Wishful thinking or good for your morale?
"Since he stopped eating gluten, Novak Djokovic has become the world’s number one tennis player!" One company is not at all shy about using this slogan to promote the powers of its gluten-free products. Yet, while a gluten-free diet is highly fashionable today, dieticians and doctors tend to remain unheard when they assure people that cutting out gluten is of no benefit to their health unless they suffer from gluten intolerance. We still wish to believe that this regime is our modern-day panacea. Sportsmen and -women in their quest for achievement are no different to common mortals. From time immemorial people have sought to improve their strength, particularly by favouring certain types of food or ingredients. The athletes of antiquity were convinced of the virtues of bull’s meat, pork and mead. Today, such wishful thinking is channelled towards pills, jelly capsules and drinks fortified with vitamins, caffeine, proteins, carbohydrates, minerals and other micronutrients.
Effective or ineffective?
Supplements may, however, be justified in the context of elite sport, where the body is submitted to exceptional physical stress and strain. This is where encouraging results of experiments performed in vitro have the best chance of being applied to the biological component of exercise. It is a question of small individual dietary improvements and/or targeted supplements optimising the “energy machine”, depending on the kind of exertion (duration, strength, repetition...). However, dietary supplements have only modest influence on sporting success, as they account for no more than 1% or perhaps even only for a fraction of a percentage of improved performance. Yet, for someone with the ambition to win, that little extra is part of a whole that, on any given day, could lead to victory and even to a new record.
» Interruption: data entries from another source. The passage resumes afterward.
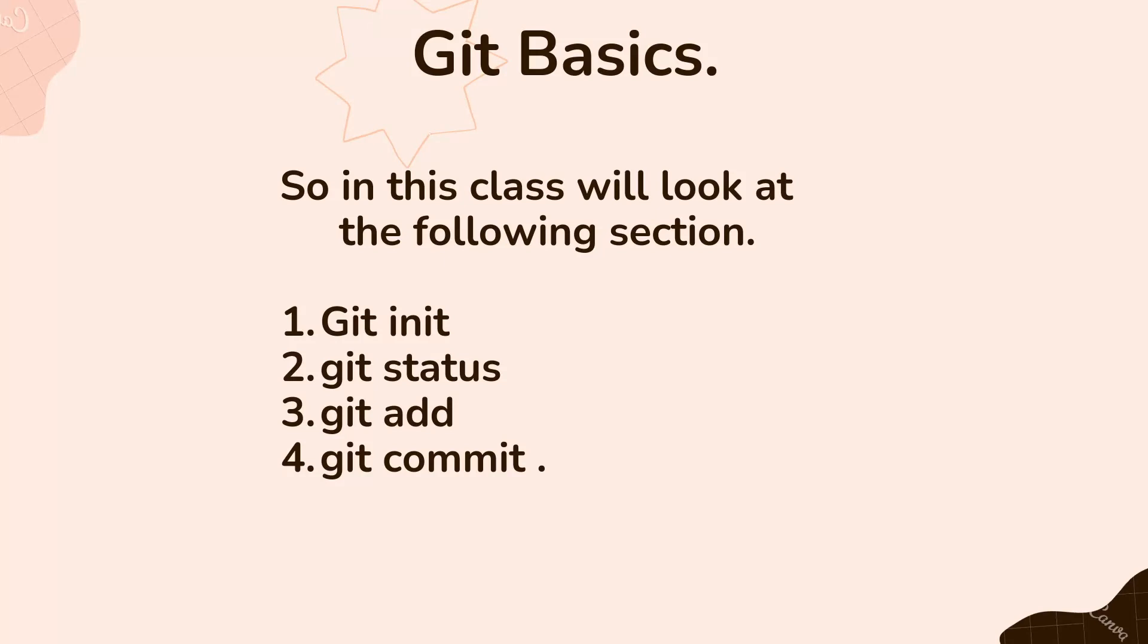Today we are going to look at Git basics. In this class we look at the following sections: we look at git init, git status, git add, and git commit.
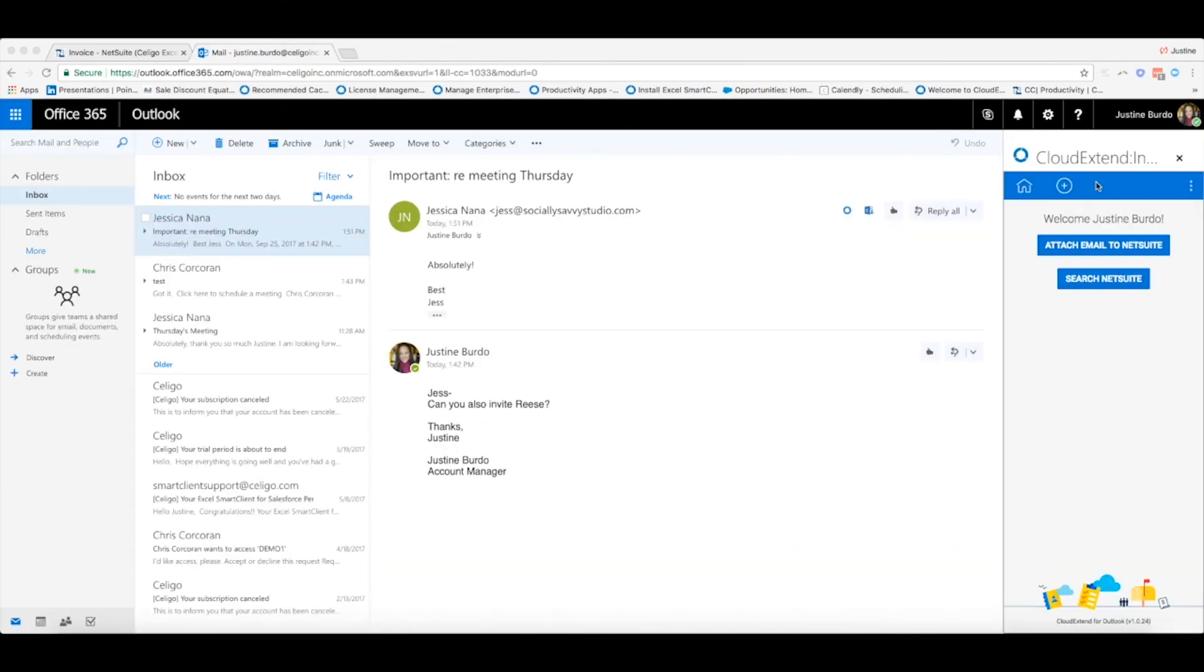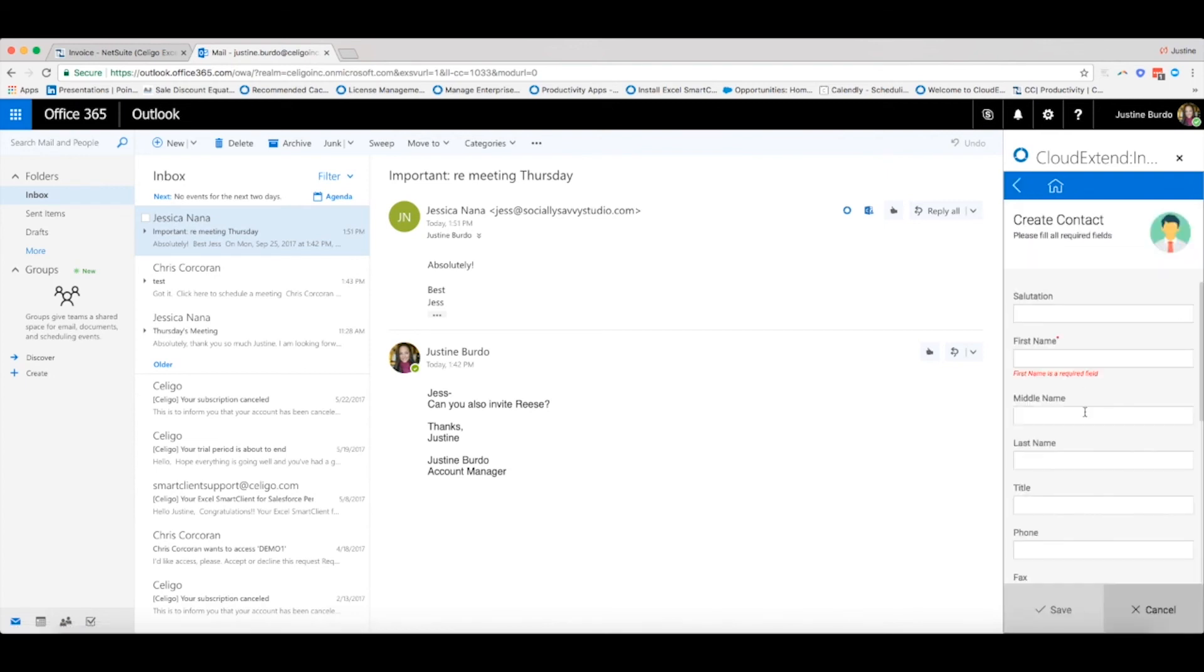You can also create new NetSuite customer and contact records from Outlook by clicking on the plus sign here. Choose the record type you want to create.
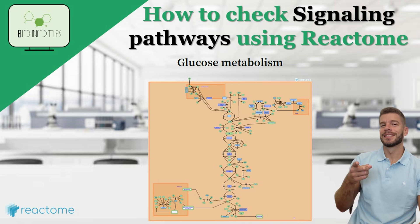Do you want to know how to easily check signaling pathways? You came to the right place.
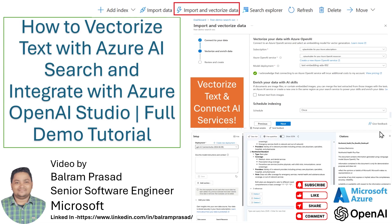Hello guys, welcome back to our channel. My name is Balram Prasad and I'm working with Microsoft as a senior software engineer.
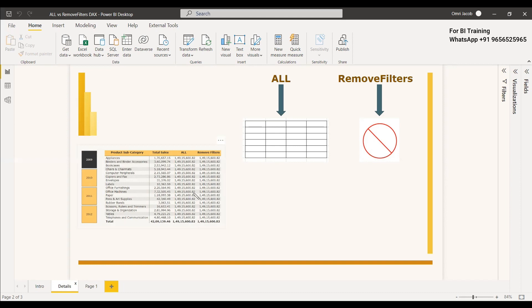So what is the difference between these two? The difference is simple: ALL will return a table, but REMOVEFILTERS will not return anything. ALL is a table function that returns all the rows of a table or a set of columns. You can get a table by just giving ALL and the table name, and you will get the same table back.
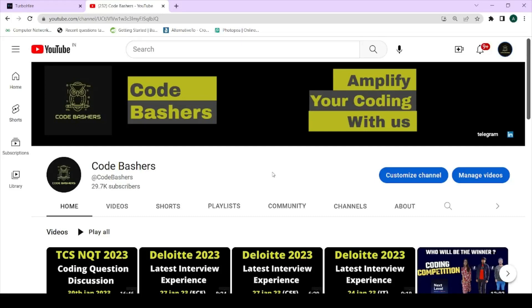Hi guys, welcome to Code Bashers. In this video I will be discussing an off-campus opportunity for 2023 batch students. Make sure that you're watching this video till the end and do subscribe the channel before moving ahead.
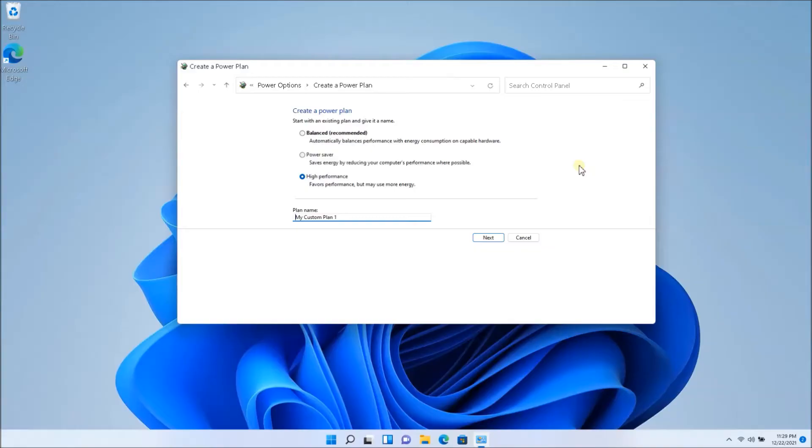But hopefully this will reduce the fan noise from being a jet engine to maybe just a very steady, basically a steady low hum. So hopefully that's the case.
Simple, practical and easy to digest
It should now be clear that for sport enthusiasts or amateurs “sophisticated” dietary supplements actually have insignificant impact on performance. This is quite simply because such athletes have not yet stabilised their physical skills (muscle strength and resilience, lung capacity...) at a level where targeted food supplements could provide that little something extra which could actually make a difference. For amateur sports, a balanced diet, eating food that is rich in carbohydrates and fats at the right times, adequate hydration and a training strategy that alternates phases of exertion and recovery are all the key to activities that bring both pleasure and progress. Nonetheless, energy bars and sports drinks can be very practical in certain circumstances. Such products are compact, resistant, nutritious, digestible and easy to keep. They therefore provide a great snack for a trek in the mountains, counteract fatigue and reassure sportsmen they are prepared, come what may!